Krystle Bueno, center, and other cast members rehearse "BEauty." (Irfan Khan, Los Angeles…)

Many of the images in last year's "Beauty CULTure" exhibition at the Annenberg Space for Photography provoked discussion: the blank stare of a child beauty contestant, a pair of taut lips being poked with a surgeon's needle. The exhibition touched on issues of vanity, acceptance and self-worth. After catching the show, a handful of dancers from the urban dance collective Culture Shock L.A. were inspired to put their own spin on the concept. This Friday at the Ford Amphitheatre, they will premiere "BEauty," featuring their own work alongside contributions from contestants of "America's Best Dance Crew," guest MCs, and actress and Culture Shock L.A .board member Tamlyn Tomita.

For 19 years, Culture Shock L.A.'s main focus has been on outreach and education.
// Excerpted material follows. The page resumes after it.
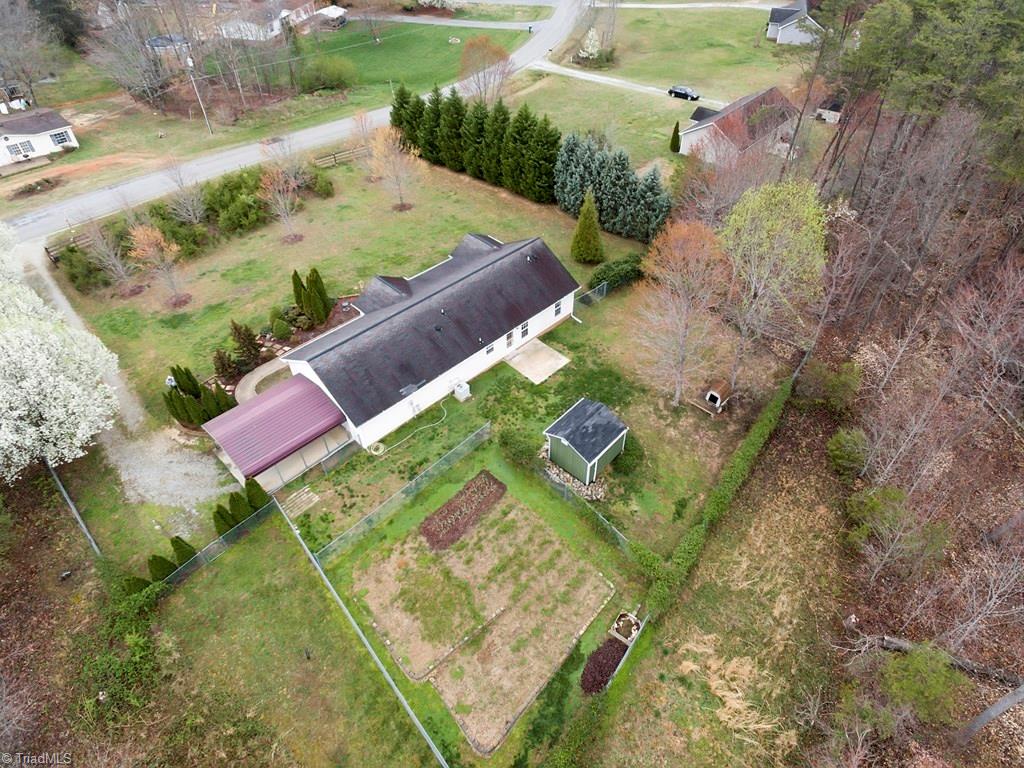 8124 Shoeline Road Stokesdale, NC 27357 - Photo 28 of 29 Gallery Image 28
The nonprofit community dance organization offers in-school, after-school and public classes in urban dance styles, mostly in neighborhoods lacking arts education programs. Armed with music and dance, they aim to cultivate dignity and combat stereotypes. In 2005, the collective decided to produce benefit shows. "BEauty" will be its eighth, and its third big production this year.
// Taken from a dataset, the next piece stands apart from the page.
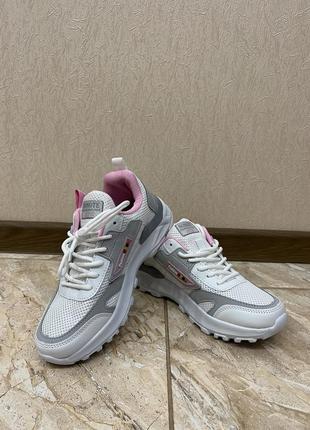 Sale💙 кросівки білі з рожевими елементами в сіточку нові7 фото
Allison Tanaka is one of Culture Shock L.A.'s co-executive directors. She is slight, almost fragile. One week before "BEauty" premieres, she is gliding graceful as a feather around rehearsals at the South Bay Dance Center.
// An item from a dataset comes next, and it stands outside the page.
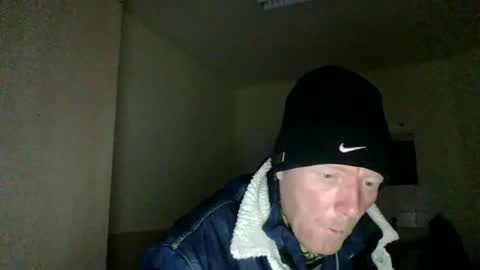 Snapshot of robertnickelderbestemann chatting on 4, 12, 2025 robertnickelderbestemann online show from 4, 12, 2025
"With our dance education programs, a lot of times the feedback we get from class teachers and school administrators is how surprised they are after they see the kids and what they've learned," says Tanaka. "They realize they've stereotyped us in the negative ways the mainstream media portrays hip-hop, and they didn't see the value of what it is that we do, or the art form that's involved."

Everyone involved with Culture Shock L.A. is a volunteer, from the dancers to the administrators. Most of them have full-time jobs or are students. Arnel Calvario, the president of the Culture Shock Board of Directors, is a doctor of occupational therapy in pediatrics. They consider each other as close-knit as family.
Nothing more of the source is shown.